Sarah Diaz, who was with Ms. Lowery moments before she was shot, testified for the State. She had arranged to meet Ms. Lowery at a food market at the corner of South Carey and James Streets to obtain a "tester" pill of heroin. Ms. Lowery gave Ms. Diaz the pill in the entranceway of an alley off James Street. As the women walked back toward the corner store, a man called Ms. Lowery's name. Ms. Diaz observed a group of four men approaching Ms. Lowery. As Ms. Diaz walked away with her back to Ms. Lowery and the men, she heard gun shots. She did not see who shot Ms. Lowery.
Video surveillance footage from multiple cameras at the food market captured the beginning of the shooting. Ms. Diaz was shown still shots of the video and identified Mr. Gipson, whom she knew as "Shonn," and two other men as being in the group. The prosecutor then played a portion of the video showing the shooting. The prosecutor asked: "do you see who's holding the gun?" Ms. Diaz answered, "Yes, Shonn." After she answered, defense counsel objected and the court overruled the objection.
We agree with the State that defense counsel's objection came too late. See Md. Rule 4-323(a) ("An objection to the admission of evidence shall be made at the time the evidence is offered or as soon thereafter as the grounds for objection become apparent. Otherwise, the objection is waived.") Because, in Mr. Gipson's view, the prosecutor's question called "'for an inadmissible answer,'" it was incumbent upon defense counsel to "'object immediately'" when the question was asked. Bruce v. State, 328 Md. 594, 627 (1992) (quoting 5 L. McLain, Maryland Evidence § 103.3, at 17 (1987)). Defense counsel may not wait to determine "'whether the answer is favorable before deciding whether to object.'" Id.
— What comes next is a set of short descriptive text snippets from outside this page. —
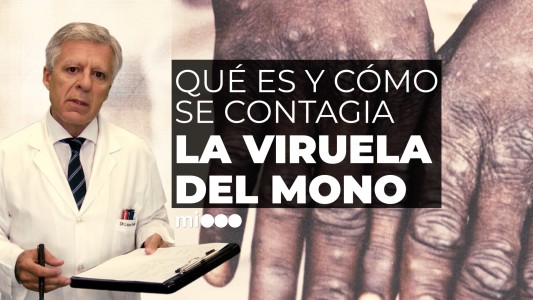 Viruela del mono: ¿Qué es y cómo se transmite?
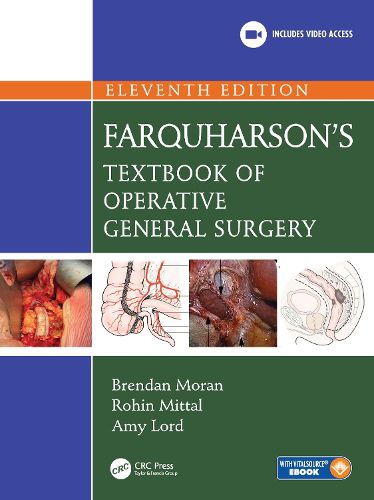 Cover image for Farquharson's Textbook of Operative General Surgery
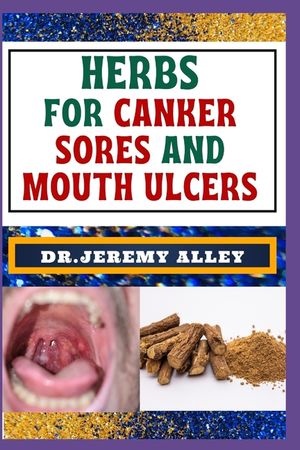 Herbs for Canker Sores and Mouth Ulcers: Soothing Remedies, Harnessing Wisdom To Relieve Nature's Bounty Through Effective Strategies image number 0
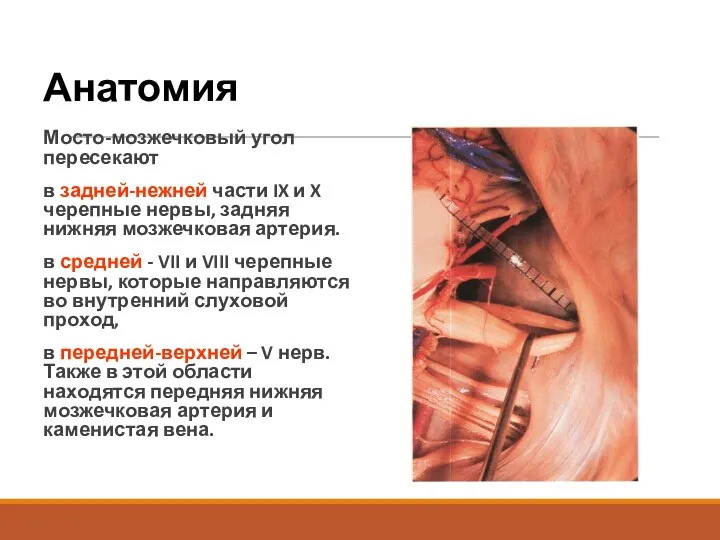 Анатомия Мосто-мозжечковый угол пересекают в задней-нежней части IX и X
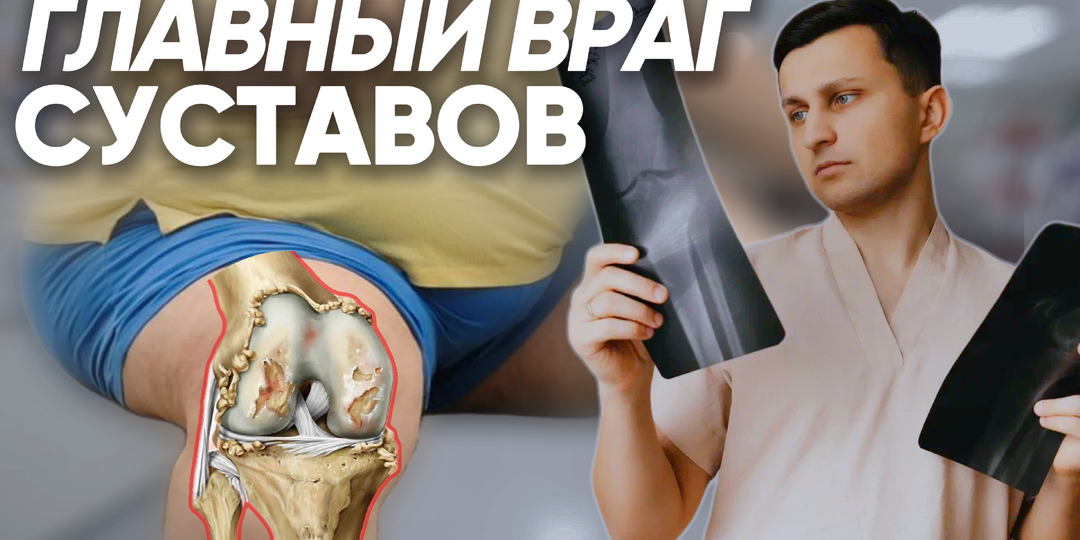 Как лишний вес убивает Ваши суставы и почему нужно худеть как можно раньше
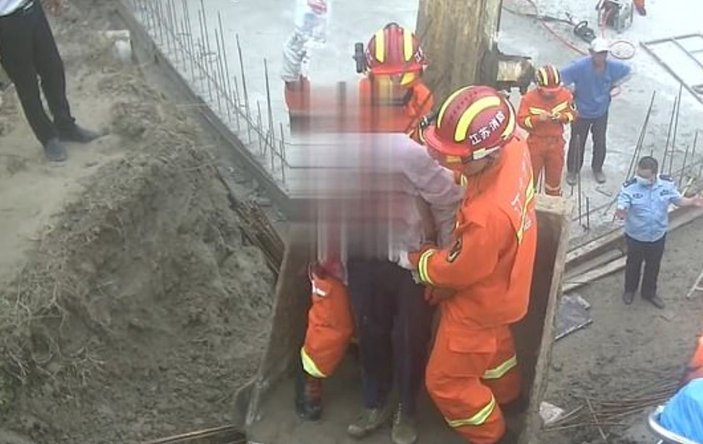 Çin'de demir saplanan inşaat işçisi ölümden döndü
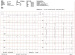 Abb. 6: EKG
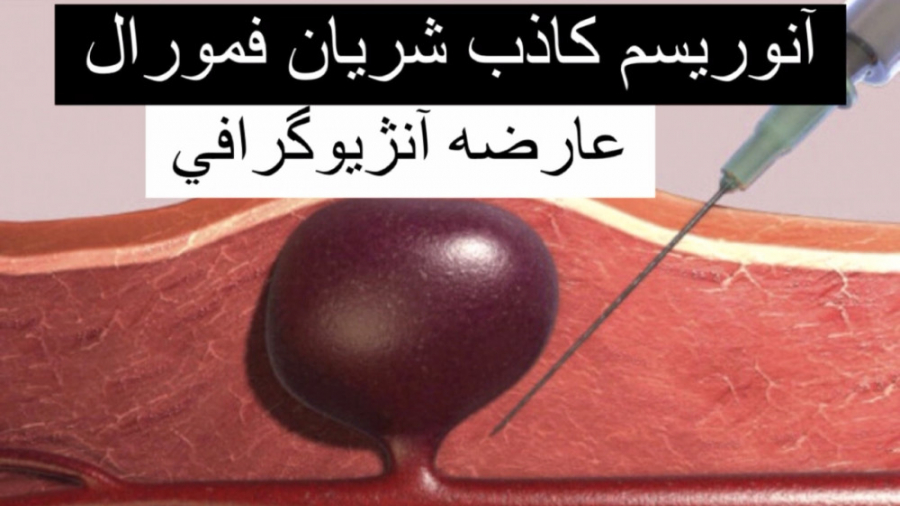 آنوریسم كاذب فمورال بدنبال آنژیوگرافی جراحی گوش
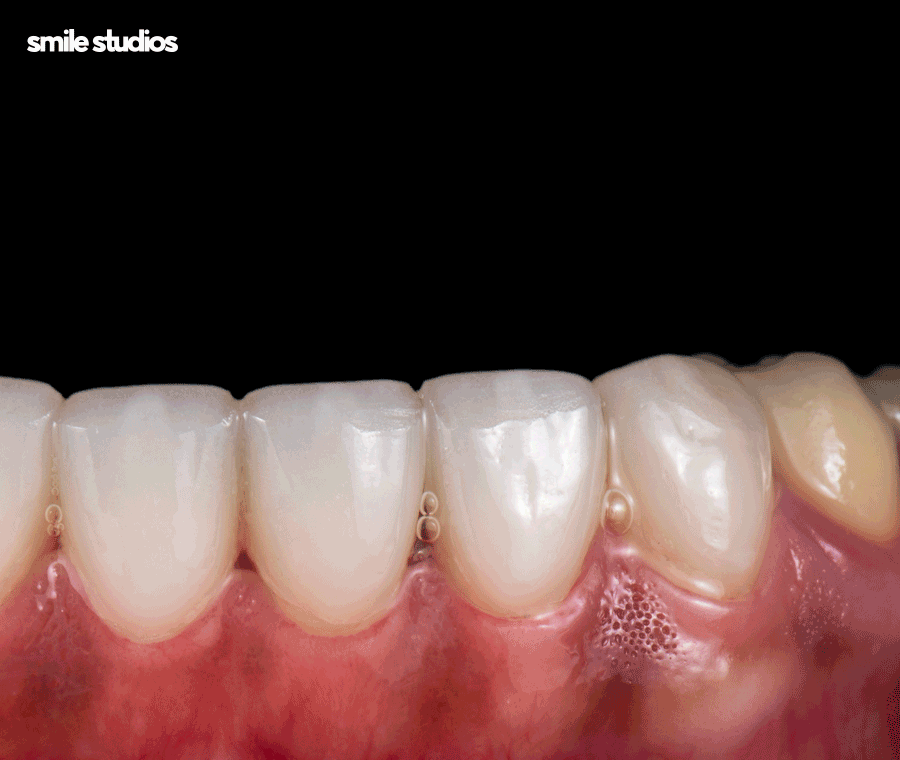 라미네이트제거 시기 및 유지력, 알아둘 사항 관련 이미지 2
Even if not waived, we would perceive no abuse of discretion in the admission of Ms. Diaz's testimony. Ms. Diaz knew Mr. Gipson, having purchased drugs from him in the past, and, significantly, had personally observed his appearance on the day of the shooting. Her lay opinion testimony that Mr. Gipson was the person depicted in the video holding the gun was "rationally based on [her] own perception" and was helpful to the jury because of her familiarity with him. See Md. Rule 5-701 (limiting admissible lay opinion testimony to that which is "(1) rationally based on the perception of the witness and (2) helpful to a clear understanding of the witness's testimony or the determination of a fact in issue"); Moreland v. State, 207 Md. App. 563, 572 (2012) (following the "majority rule" among state courts that "'a lay witness may testify regarding the identity of a person depicted in a surveillance photograph [or video] if there is some basis for concluding that the witness is more likely to correctly identify the defendant from the photograph than the jury'" (quoting Robinson v. Colorado, 927 P.2d 381, 382 (Colo. 1996))).
Mr. Gipson also challenges testimony given by Detective Gary Niedermeier, the lead investigator on the case. Detective Niedermeier testified that he had watched the video surveillance footage capturing the shooting. The prosecutor showed him a series of still shots taken from the video. Defense counsel objected when he began describing each photograph. She argued that the "video speaks for itself" and that Detective Niedermeier should not be permitted to "narrat[e]" it or give his opinion as to "who he believes [the] shooters are." The court ruled that Detective Niedermeier could identify persons in the video and the video stills that he recognized, but should not say what they were "doing."
On redirect examination, the following exchange occurred:
[PROSECUTOR]: And based on your review of the video were you ever able to determine how the group of people, um, arrived just prior to, um, the shooting?
DETECTIVE NEIDERMEIER: Yes.
[PROSECUTOR]: And can you show us on that map where those folks arrived from?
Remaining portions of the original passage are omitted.